Mes chers collègues, je regrette, comme l’ensemble du groupe UMP, que la commission des lois ait adopté les amendements déposés par les députés écologistes. Je regrette également qu’elle ait rejeté un amendement du rapporteur tendant à insérer dans le code civil un nouvel article 23-8-2, prévoyant un nouveau cas de perte de nationalité française. Ce nouvel article concernait les Français condamnés pour un crime ou un délit constituant un acte de terrorisme.
Certains d’entre vous se sont gaussé, lors de l’examen du texte en commission ou dans cet hémicycle, de la portée trop symbolique de cette proposition de loi.
Je tiens à leur rappeler deux choses.
Premièrement, que les symboles ont toujours leur importance, et particulièrement sur le sujet qui nous intéresse. N’oublions pas que l’attitude de notre propre opinion publique fait partie de la lutte contre le fléau qui nous gangrène. Il est de notre responsabilité de montrer à nos concitoyens que la représentation nationale s’adapte aux menaces et donne les moyens à notre justice de remplir son rôle. Nos concitoyens ne comprendraient pas qu’après les événements dramatiques du début d’année, tout continue comme si de rien n’était. Huit Français sur dix sont favorables à la déchéance ou à la perte de nationalité française pour les binationaux condamnés pour des actes de terrorisme sur le sol français ; et sept Français sur dix sont favorables à l’interdiction du retour en France de Français que l’on soupçonnerait d’être allés se battre dans un pays ou une région contrôlés par des groupes terroristes.
Ma deuxième observation va au-delà du symbole. La peine de trente ans d’emprisonnement pour crime d’indignité nationale et la déchéance de nationalité qui la complète ont toute leur importance en termes de graduation. Une fois ces peines appliquées à une personne binationale, il n’existera plus aucune entrave à son expulsion définitive.

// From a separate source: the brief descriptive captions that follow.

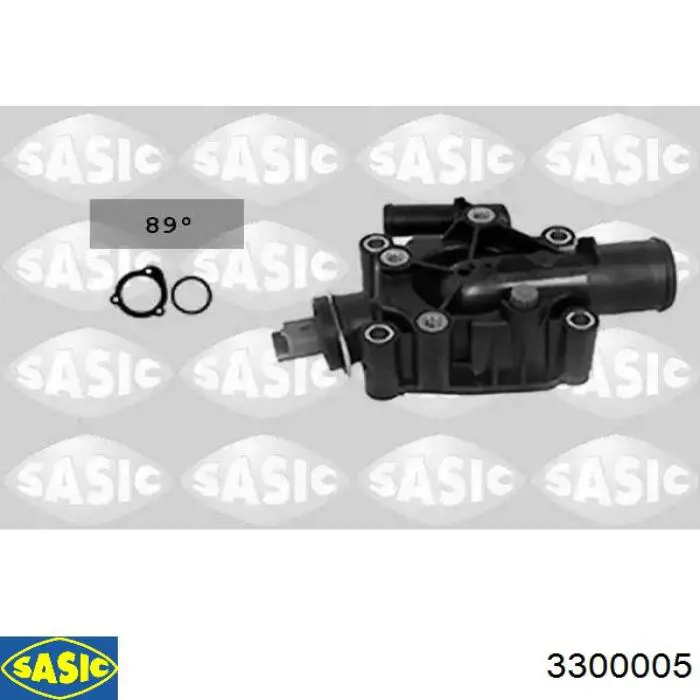 Obudowa termostatu Sasic 3300005 cena, od 26,44 USD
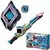 Bandai-DX Ultraman Arc Anime Arc Ariser Arc Eye Espada, Cubo de Armadura Solis,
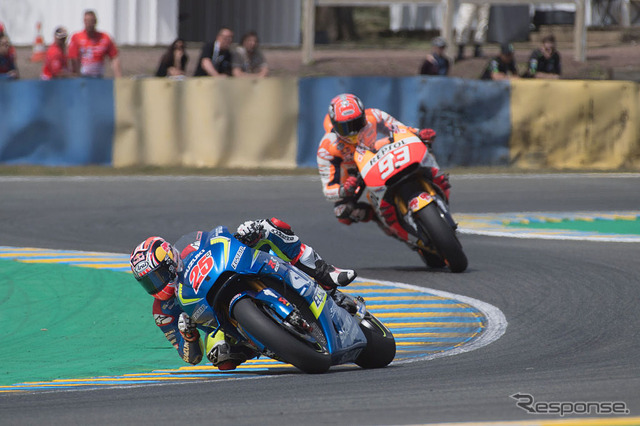 2016 MotoGP 第5戦フランス 決勝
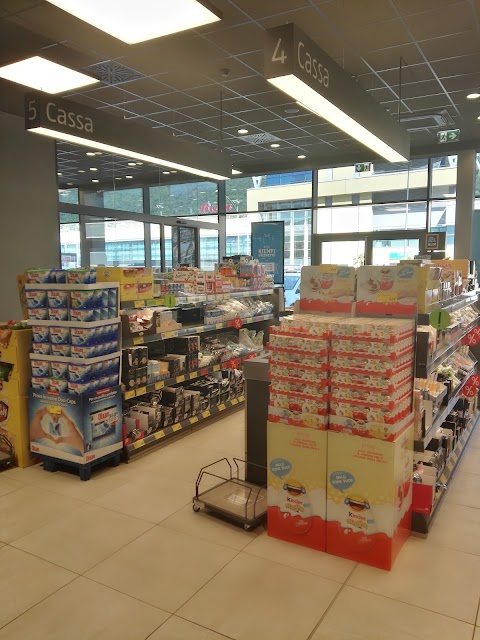 ALDI Rovereto Via del Garda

Que des hommes nés dans notre pays, de nationalité française, placés sous la responsabilité de la République et de l’école républicaine, sombrent dans la plus barbare des violences n’est pas tolérable. Il y a aujourd’hui, dans notre pays, une fraction de jeunes Français islamistes terroristes, instrumentalisés par l’État islamique, qui veulent soumettre la France, en particulier, et l’Occident, en général, à des idéaux barbares et infamants. Voilà l’ennemi ! Il faut le neutraliser par tous les moyens, en nous gardant bien de faire le moindre amalgame avec l’islam modéré que pratique la majorité des musulmans de France.
Je me souviens d’avoir entendu ici même, en décembre dernier, un de nos collègues dire que les peines complémentaires incluses dans cette proposition de loi étaient disproportionnées. Trois mois après l’horreur de Charlie et l’horreur de l’Hyper Cacher, ce député fait-il toujours le même raisonnement ? Trois mois après avoir défilé dans les rues de France, comme 7 millions de nos compatriotes, peut-il nous dire ce qu’est une réponse proportionnée à un fanatique qui tue des journalistes, des Juifs, des policiers, des touristes innocents, comme à Tunis, ou des soldats de son propre pays ?
Mes chers collègues, la situation nous interdit de rester enfermés dans des dogmes bien pensants, dans une culture de l’excuse et de l’angélisme, qui conduiront nos démocraties à leur perte.
Vous l’aurez compris, le groupe UMP soutient sans ambiguïté la proposition de loi de notre collègue Meunier. Et je tiens à dire, pour conclure, que le groupe UMP est profondément choqué de voir que le groupe socialiste a déposé sur ce texte une motion de rejet préalable.